Com a declaração estampada na capa da Veja, "o que Bolsonaro tenta passar é parte do roteiro do próprio blefe", diz Moisés Mendes, do Jornalistas pela Democracia. "O recado é exatamente este: fazer acreditarem que ele ainda poderia aplicar o golpe. Não pode"
Vamos imaginar, com outros temas e em outras situações, as frases de Bolsonaro, na entrevista à Veja, com a garantia de que não dará um golpe e não vai melar a eleição do ano que vem.
Imaginemos que ele dissesse também que a família não irá mais se envolver com milicianos. E que a partir de agora desistirá de vender cloroquina, porque está na cara que o remédio é um mau milagre e um mau negócio.
Bolsonaro causaria espanto se anunciasse que a família viverá de acordo com as leis e que ele desistiu de ser o que é. Mas a notícia de que ele não aplicará um golpe é recebida com certa naturalidade.
Parece normal que Bolsonaro possa decidir se haverá golpe ou não.
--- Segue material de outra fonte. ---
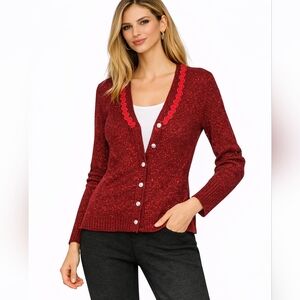 Red Silk Cardigan Lace Trim Metallic Accents Shiny Ribbed Small Medium Classy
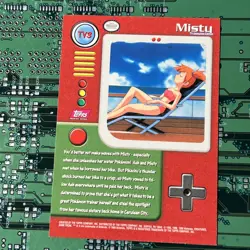 TV3 Misty Topps Pokemon Character Card TV Animation Series 1 Red Logo - Image 4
Não só que não se envolverá com um golpe, como já está conformado com a urna eletrônica. Para Bolsonaro, como os militares participarão de estudos do TSE que reforcem o processo eleitoral, isso lhe dá segurança.
Bolsonaro trata o país todo como uma nação de imbecis, mesmo que tudo que defende não resulte em apoios.
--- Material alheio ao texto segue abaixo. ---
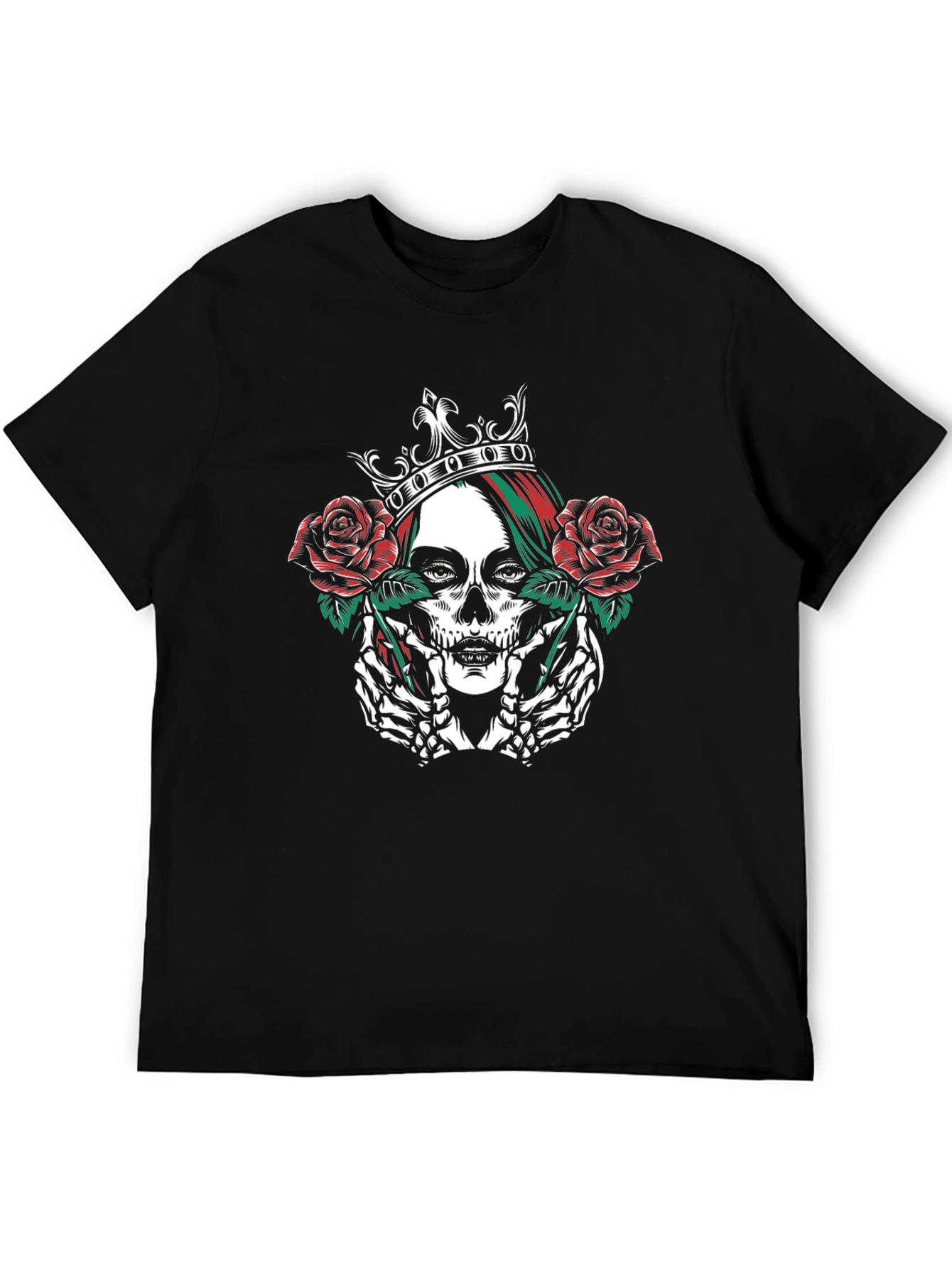 Skull Queen Rose Crown T-Shirt - Gothic Graphic Tee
Ele é contra a vacina, e o Brasil é um dos países em que a população mais acredita na vacina e quer se vacinar.
Bolsonaro, seus ministros e os filhos andam sem máscara. Os brasileiros querem usar e defendem o uso de máscara.
Bolsonaro tenta minar as instituições e a democracia, e a grande maioria se declara defensora da democracia. São posições majoritárias e categóricas que aparecem nas pesquisas do Datafolha.
O brasileiro não quer tomar cloroquina, não quer correr riscos com as pregações negacionistas de Bolsonaro, não aceita o golpe e não quer reeleger Bolsonaro.
Mas Bolsonaro continua dando entrevistas para dar a entender que ele tem o poder de decidir se haverá golpe ou não. Esse é o sentido da sua declaração.
Ao assegurar que não pretende mais atacar o Supremo, para ter poderes absolutos, Bolsonaro reafirma que, se quisesse, o golpe seria dado a qualquer momento.
E que, se decidisse manter o que vinha ameaçando fazer, iria melar a eleição do ano que vem, se o voto impresso não fosse adotado.
Não surpreende a análise de certa imprensa, segundo a qual ele recua ao admitir que desistiu de ser golpista. O resumo é esse: não sai golpe porque Bolsonaro não quer mais.
É uma bobagem. Bolsonaro fala do golpe porque sabe que não há como aplicar o golpe. O golpe é um blefe há muito soterrado pelas reações do Supremo e até da direita (do Congresso e empresarial) e porque os militares estão certos de que podem produzir milhões de comprimidos de cloroquina por pressão de Bolsonaro, mas não podem segurar um golpe encomendado por ele.
O que Bolsonaro tenta passar é parte do roteiro do próprio blefe. O recado é exatamente este: fazer acreditarem que ele ainda poderia aplicar o golpe.
Não pode. Nem se convocar o Exército da Ucrânia para ajudar o Exército de Braga Netto e nem se decidir entregar todo o Orçamento ao controle total do centrão.
Bolsonaro sobrevive do seu papel de fanfarrão. O sujeito acovardado desde a cartinha com o pedido de trégua a Alexandre de Moraes não seguraria um golpe por uma semana.
Seus seguidores mais fiéis sabem disso. Mas é preciso continuar fazendo o teatro do golpe, como se golpear ou não fosse algo que só dependa da sua cabeça.
É assim que acaba confessando que aplicou um golpe na sua base. O discurso na ONU só enganou trouxas. Bolsonaro não tem, no momento, nada para entregar à extrema direita.
Só tem o que sobrou do blefe. O bolsonarismo vai sendo golpeado pelo Bolsonaro acovardado depois do 7 de setembro.